Tuesday, June 03, 2008

There Is a Military Solution to Terror....

....you brainwashed liberal dupes!

...the best way to end an insurgency is, quite simply, to beat it.

Why was this not obvious before? When military strategies fail – as they did in Vietnam while the U.S. pursued the tactics of attrition, or in Iraq prior to the surge – the idea that there can be no military solution has a way of taking hold with civilians and generals eager to deflect blame. This is how we arrived at the notion that "political reconciliation" is a precondition of military success, not a result of it.

There's also a tendency to misjudge the aims and ambitions of the insurgents: To think they can be mollified via one political concession or another. Former Colombian president Andres Pastrana sought to appease the FARC by ceding to them a territory the size of Switzerland. The predictable result was to embolden the guerrillas, who were adept at sensing and exploiting weakness.

The deeper problem here is the belief that the best way to deal with insurgents is to address the "root causes" of the grievance that purportedly prompted them to take up arms. But what most of these insurgencies seek isn't social or moral redress: It's absolute power. Like other "liberation movements" (the PLO comes to mind), the Tigers are notorious for killing other Tamils seen as less than hard line in their views of the conflict. The failure to defeat these insurgencies thus becomes the primary obstacle to achieving a reasonable political settlement acceptable to both sides.

This isn't to say that political strategies shouldn't be pursued in tandem with military ones.

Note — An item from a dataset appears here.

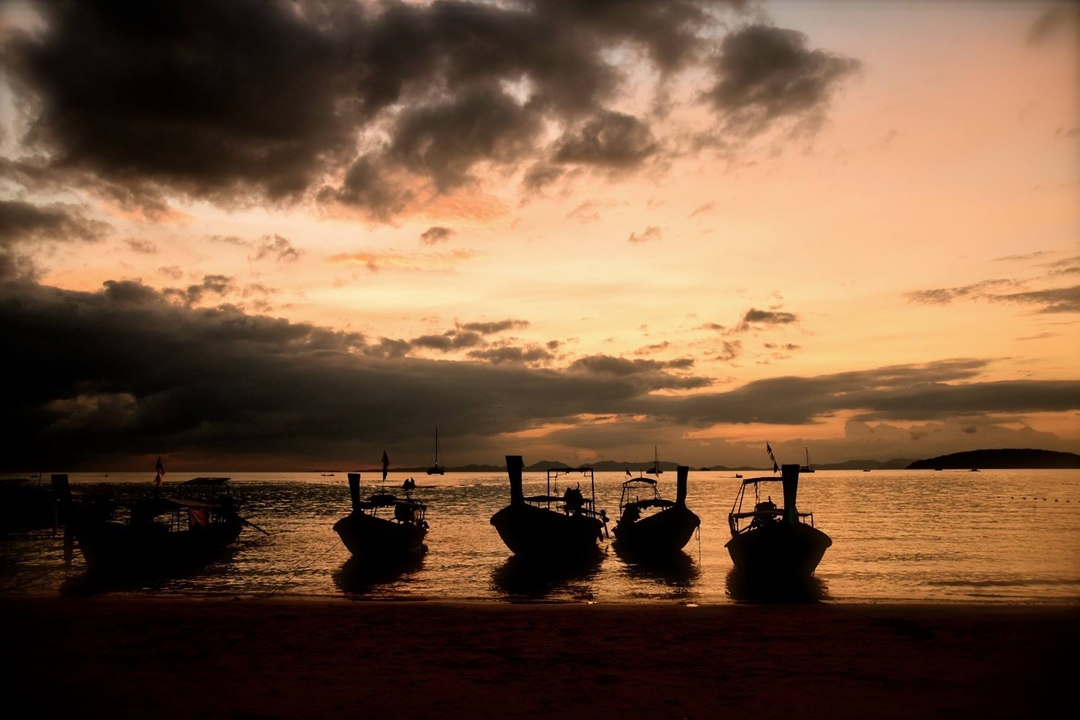 Silhouettes de bateaux lors d'un coucher de soleil spectaculaire.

Gen. David Petraeus was shrewd to exploit the growing enmity between al Qaeda and their Sunni hosts by offering former insurgents a place in the country's security forces as "Sons of Iraq." (The liberal use of "emergency funds," aka political bribes, also helped.) Colombian President Álvaro Uribe has more than just extended amnesty for "demobilized" guerrillas; he's also given them jobs in the army.

But these political approaches only work when the intended beneficiaries can be reasonably confident that they are joining the winning side. Nobody was abandoning the FARC when Mr. Pastrana lay prostrate before it. It was only after Mr. Uribe turned the guerrilla lifestyle into a day-and-night nightmare that the movement's luster finally started to fade.